Ältere Menschen sollen schneller sterben
Der japanische Finanzminister Taro Aso – nicht gerade bekannt für seine diplomatischen Äusserungen – hat vor einigen Monaten an einem Kongress seine Lösung dieses Problems skizziert:
Die Menschen in Japan sehen sich verpflichtet zu leben, wenn sie lieber sterben wollen. Ich würde mich schlecht fühlen, wenn ich morgens aufstehe und weiss, dass mir die Behandlung von der Regierung bezahlt wird. Deswegen sollten sich ältere Menschen beeilen zu sterben, um die Finanzprobleme der öffentlichen Kassen zu lindern."
Diese Aussage ist sicherlich unwürdig für ein Land, das eigentlich als fortschrittlich gilt. Auf der anderen Seite ist die demographische Realität – und damit einhergehend steigende Gesundheitskosten – undiskutabel.
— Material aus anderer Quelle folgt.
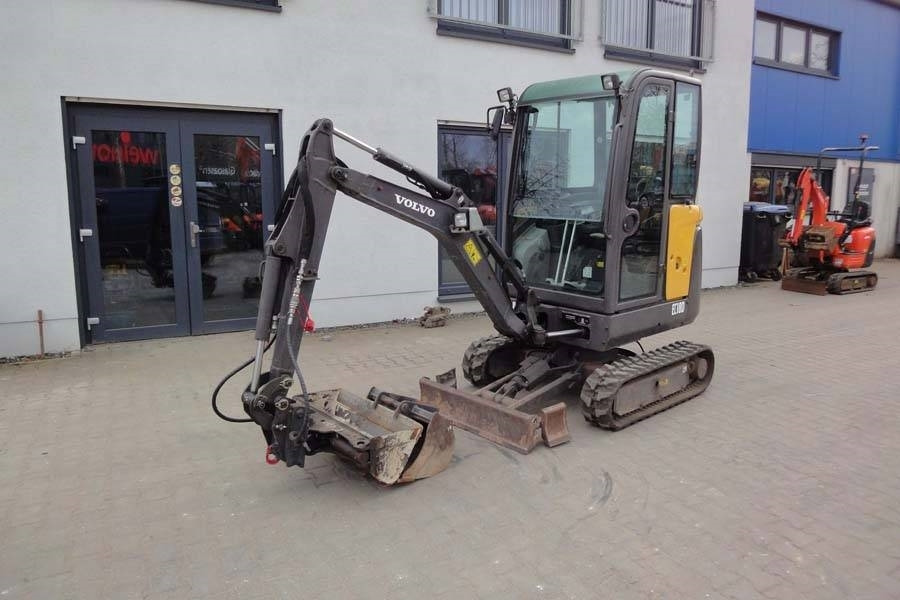 Volvo EC18D Löffelpaket - Mini pelle: photos 1 Volvo EC18D Löffelpaket - Mini pelle: photos 1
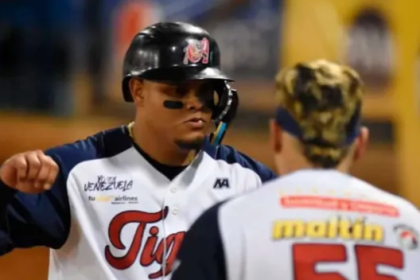 En el séptimo llegaba la séptima de los Tigres, con un cuadrangular por el jardín izquierdo del dominicano Yermín Mercedes.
Japan ist das erste Land weltweit, wo die Überalterung und der Bevölkerungsschwund klar zu erkennen sind (siehe unten stehende Grafik) mit schweren Folgen für die Wirtschaft. Nach einer Prognose des Forschungsinstituts für Bevölkerung und soziale Sicherheit wird die Zahl der Japaner in den nächsten 47 Jahren von derzeit 127 Mio. auf 87 Mio. Menschen schrumpfen. Gleichzeitig wird sich der Anteil der Pensionäre (d.h. 65 Jahre und älter) auf 40 Prozent verdoppeln. Die erwerbstätige Bevölkerung (Alter 15 bis 64 Jahre) wird sich in der gleichen Periode auf 44 Mio. halbieren. Zusammenfassend könnte man sagen, dass Japan alt, reich und kinderarm ist, über die nächsten Jahrzehnte einen Grossteil seiner Bevölkerung verlieren wird und die Gesundheitsausgaben im Verhältnis zum BIP signifikant steigen werden. Kein so rosiges Szenario, wie ich meine. Fairerweise muss ich hinzufügen, dass Japan gegenüber anderen Industrieländern noch viel Spielraum hat, da in Japan die Pro-Kopf Ausgaben deutlich tiefer sind. Als Investment-Idee wäre da beispielsweise Unicharm zu erwähnen, eine Firma, die Windeln speziell für Senioren herstellt. Und ob Sie’s glauben oder nicht, es gibt 400 unterschiedliche Windelmodelle für Senioren. Unicharm selbst verkauft inzwischen mehr Windeln für Erwachsene als für Babys.
Strukturreformen – das ist der dritte Pfeil von Premier Abe’s Plan zur Wiederbelebung der japanischen Wirtschaft – sind dringend nötig. Nur leider habe ich bis dato weder von einer Arbeitsmarktreform noch von einer Gesundheitsreform etwas gehört. Dafür gibt es doch so einfache Rezepte wie:
- Erhöhung des Erwerbsalters (sprich länger und mehr einzahlen, um damit weniger lang Beiträge zu beziehen)
- Öffnung des Landes für mehr Immigranten ⇒ wurde bereits abgelehnt
- Frauen zurück an die Arbeit (sprich Womenomics)
Bei Letzterem sehe ich das grösste Potential, da die japanischen Frauen gut ausgebildet (über 40 Prozent haben einen Universitätsabschluss), fleissig und günstig sind. Aus ökonomischer Sicht ist das ein unterbenutztes Asset, was man aktivieren kann. Nur leider hat das klassische Rollenbild der Frau Tradition und eine Kombination zwischen Beruf und Kinderwunsch wird seit Jahrzehnten nicht gefördert. Und deshalb ist es nicht verwunderlich, dass die Rahmenbedingungen fehlen, denn es fehlt an Kindertagesstätten, Hilfe bei der Pflege von Kindern, Teamwork und Mutterschaftsurlaub. Flexible Arbeitszeitmodelle sind absolute Fehlanzeige.
Die Financial Times argumentierte im Frühling dieses Jahres, dass Japan sein BIP um 15 Prozent steigern könnte, falls die Frauen besser in den Arbeitsprozess integriert werden.